• Task description: Starting at the top of the listing below, copy each line exactly, stopping after the line that contains "Commerce 1 Pièce".

• Task data:
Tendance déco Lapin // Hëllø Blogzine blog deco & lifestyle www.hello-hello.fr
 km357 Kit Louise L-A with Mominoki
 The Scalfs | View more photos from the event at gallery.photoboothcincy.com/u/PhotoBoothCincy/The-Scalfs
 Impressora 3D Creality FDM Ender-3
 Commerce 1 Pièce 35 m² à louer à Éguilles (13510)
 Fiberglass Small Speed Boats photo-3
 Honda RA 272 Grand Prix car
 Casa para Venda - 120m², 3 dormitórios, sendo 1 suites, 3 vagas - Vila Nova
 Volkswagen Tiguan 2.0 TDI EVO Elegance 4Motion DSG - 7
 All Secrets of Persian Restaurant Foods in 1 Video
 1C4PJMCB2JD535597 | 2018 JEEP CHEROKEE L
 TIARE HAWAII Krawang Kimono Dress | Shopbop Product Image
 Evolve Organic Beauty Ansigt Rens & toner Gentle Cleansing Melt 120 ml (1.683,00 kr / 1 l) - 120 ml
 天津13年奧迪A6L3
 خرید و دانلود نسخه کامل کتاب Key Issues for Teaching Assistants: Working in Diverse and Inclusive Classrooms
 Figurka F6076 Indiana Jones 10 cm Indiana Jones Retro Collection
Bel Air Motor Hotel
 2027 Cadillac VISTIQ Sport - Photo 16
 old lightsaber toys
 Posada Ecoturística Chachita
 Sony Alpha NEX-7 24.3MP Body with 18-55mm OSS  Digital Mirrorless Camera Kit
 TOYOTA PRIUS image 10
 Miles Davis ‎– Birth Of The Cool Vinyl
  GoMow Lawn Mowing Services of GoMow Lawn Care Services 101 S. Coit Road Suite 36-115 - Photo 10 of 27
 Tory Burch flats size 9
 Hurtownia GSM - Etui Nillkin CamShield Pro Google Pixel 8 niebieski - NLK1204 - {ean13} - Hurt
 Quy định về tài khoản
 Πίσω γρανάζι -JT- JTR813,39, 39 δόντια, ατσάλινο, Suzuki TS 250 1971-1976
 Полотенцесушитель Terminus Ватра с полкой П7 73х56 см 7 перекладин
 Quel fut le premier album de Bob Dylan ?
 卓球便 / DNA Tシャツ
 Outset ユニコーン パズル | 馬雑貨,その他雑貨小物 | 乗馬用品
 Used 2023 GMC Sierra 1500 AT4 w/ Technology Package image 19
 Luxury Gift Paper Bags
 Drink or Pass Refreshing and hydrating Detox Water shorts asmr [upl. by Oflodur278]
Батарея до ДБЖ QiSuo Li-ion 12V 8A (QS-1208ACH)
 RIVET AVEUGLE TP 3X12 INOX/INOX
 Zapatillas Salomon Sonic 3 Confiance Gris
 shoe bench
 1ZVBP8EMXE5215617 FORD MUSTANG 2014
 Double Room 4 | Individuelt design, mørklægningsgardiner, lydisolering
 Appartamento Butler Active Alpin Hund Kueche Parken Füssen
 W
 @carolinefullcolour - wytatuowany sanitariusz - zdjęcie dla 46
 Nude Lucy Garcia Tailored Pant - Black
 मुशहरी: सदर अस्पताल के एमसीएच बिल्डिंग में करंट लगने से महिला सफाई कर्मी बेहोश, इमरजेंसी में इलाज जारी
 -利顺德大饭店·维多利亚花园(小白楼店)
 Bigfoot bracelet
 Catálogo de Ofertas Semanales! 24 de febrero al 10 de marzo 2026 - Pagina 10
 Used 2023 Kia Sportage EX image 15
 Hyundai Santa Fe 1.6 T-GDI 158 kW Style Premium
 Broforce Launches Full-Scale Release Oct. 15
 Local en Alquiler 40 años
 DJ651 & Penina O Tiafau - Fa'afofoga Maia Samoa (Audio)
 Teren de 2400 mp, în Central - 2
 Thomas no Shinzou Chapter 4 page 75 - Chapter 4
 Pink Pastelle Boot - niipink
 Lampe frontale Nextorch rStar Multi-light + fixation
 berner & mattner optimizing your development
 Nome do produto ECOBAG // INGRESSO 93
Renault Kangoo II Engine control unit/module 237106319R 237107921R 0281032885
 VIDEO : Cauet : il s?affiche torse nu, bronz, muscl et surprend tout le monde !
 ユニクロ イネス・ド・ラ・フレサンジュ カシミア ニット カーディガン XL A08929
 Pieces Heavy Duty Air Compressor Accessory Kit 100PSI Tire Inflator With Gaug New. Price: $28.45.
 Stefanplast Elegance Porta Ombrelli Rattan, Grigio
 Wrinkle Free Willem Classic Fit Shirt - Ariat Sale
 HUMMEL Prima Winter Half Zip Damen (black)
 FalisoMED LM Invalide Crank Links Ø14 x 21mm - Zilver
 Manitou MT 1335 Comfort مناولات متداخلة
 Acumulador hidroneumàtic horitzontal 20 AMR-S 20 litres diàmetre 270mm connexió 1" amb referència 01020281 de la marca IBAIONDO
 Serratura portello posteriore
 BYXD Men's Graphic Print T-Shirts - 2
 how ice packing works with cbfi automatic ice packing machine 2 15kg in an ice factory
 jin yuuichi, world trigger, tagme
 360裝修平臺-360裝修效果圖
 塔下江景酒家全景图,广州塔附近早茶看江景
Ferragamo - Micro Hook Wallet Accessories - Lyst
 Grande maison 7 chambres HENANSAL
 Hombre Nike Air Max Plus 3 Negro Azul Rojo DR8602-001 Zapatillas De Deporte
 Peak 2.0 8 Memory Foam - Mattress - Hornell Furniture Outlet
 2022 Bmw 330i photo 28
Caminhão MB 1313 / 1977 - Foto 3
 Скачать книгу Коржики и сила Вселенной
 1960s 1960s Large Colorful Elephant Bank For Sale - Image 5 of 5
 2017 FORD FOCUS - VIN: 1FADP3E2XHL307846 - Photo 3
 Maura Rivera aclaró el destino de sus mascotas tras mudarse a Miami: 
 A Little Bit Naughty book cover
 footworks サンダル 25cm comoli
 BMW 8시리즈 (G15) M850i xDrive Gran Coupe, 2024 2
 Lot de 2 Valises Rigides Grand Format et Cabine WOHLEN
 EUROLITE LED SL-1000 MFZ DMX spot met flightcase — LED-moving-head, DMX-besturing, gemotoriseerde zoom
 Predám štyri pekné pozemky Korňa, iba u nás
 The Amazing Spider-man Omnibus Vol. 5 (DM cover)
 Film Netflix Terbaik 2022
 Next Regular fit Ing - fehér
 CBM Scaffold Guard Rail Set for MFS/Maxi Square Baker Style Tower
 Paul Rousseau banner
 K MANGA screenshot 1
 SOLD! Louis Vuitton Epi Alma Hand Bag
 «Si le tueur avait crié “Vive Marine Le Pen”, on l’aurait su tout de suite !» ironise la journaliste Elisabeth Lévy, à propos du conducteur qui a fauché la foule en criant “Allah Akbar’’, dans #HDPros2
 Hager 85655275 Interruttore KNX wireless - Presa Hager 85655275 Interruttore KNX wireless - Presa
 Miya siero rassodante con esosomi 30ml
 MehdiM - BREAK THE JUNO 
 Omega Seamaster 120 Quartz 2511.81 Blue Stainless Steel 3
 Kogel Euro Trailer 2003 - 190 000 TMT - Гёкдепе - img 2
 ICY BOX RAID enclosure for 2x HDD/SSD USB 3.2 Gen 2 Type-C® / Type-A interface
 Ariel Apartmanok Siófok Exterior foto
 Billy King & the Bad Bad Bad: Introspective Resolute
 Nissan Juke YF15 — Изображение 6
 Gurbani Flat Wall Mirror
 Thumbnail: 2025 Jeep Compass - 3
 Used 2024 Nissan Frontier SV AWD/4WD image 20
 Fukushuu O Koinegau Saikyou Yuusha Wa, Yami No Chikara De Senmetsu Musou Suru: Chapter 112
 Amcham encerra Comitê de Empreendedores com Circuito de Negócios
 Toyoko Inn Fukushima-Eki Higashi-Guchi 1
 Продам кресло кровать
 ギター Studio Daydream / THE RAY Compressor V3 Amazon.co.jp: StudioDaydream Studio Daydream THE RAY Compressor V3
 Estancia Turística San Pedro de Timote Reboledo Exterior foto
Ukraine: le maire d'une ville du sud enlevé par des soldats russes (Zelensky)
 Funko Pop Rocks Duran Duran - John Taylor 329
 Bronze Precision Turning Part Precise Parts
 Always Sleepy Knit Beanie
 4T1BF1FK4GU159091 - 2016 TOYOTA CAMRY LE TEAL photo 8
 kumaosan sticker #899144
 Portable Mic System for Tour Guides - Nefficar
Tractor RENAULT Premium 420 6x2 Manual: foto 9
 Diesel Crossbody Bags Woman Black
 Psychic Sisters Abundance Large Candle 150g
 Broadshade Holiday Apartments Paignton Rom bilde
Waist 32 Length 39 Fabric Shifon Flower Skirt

• Answer section:
Tendance déco Lapin // Hëllø Blogzine blog deco & lifestyle www.hello-hello.fr
 km357 Kit Louise L-A with Mominoki
 The Scalfs | View more photos from the event at gallery.photoboothcincy.com/u/PhotoBoothCincy/The-Scalfs
 Impressora 3D Creality FDM Ender-3
 Commerce 1 Pièce 35 m² à louer à Éguilles (13510)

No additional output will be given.